Visceral audio-visual live art; leveraging the edifying convergence of noise music with electroacoustic processes, neurofeedback and ASD (Autism Spectrum Disorder).

Présenté par : Matt Rogerson 

The aim for this performance-research project explores how EEG (Electroencephalography) and neurofeedback facilitated sensory overload can lead to new performance paradigms, mediated through a particularly idiosyncratic yet revealing interface for musical expression: the autistic cognition. The research adopts an interdisciplinary, practice-based  methodology; incorporating facets of generative electronic music, psychoacoustics, audio-reactive visuals and performance/endurance art. The main body of work for the research encompasses the design of 'provocative’ sounds, i.e. sounds tailored to induce sensory overload specific to the performers/researchers autistic ontology. These sounds are curated towards parameters established via a reflexive autoethnographic research methodology. The has then deliberated potential arrangements for the sounds, which then influences the nature of their generative programming in tandem with gathered EEG data to produce an open 'neurofeedback' loop; a dynamic sonic and performance ecology in which the performer is subject to.

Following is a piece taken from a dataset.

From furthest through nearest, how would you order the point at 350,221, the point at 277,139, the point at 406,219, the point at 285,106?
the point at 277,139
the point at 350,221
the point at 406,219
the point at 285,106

The performance-project utilises commercially available EEG and BCI (brain-computer interface) technology to engender an electroacoustic performance ecology, manifest as a durational endurance art performance, in which the parameters of bespoke virtual ‘provocative systems’ produce sonic events that are determined and modulated by the preceding audio stimuli via neurofeedback. The events are tailored to stimulate the performers autistic cognition, insofar as 'provoking' it into an embodied cognitive sensory arrest. This transgressive performance method is intended to elucidate an auto-ethnographic representation of the augmentative capabilities of ASD, in addition to reconfigure the social metanarratives that bracket, over-pathologize and disempower the autistic ontology.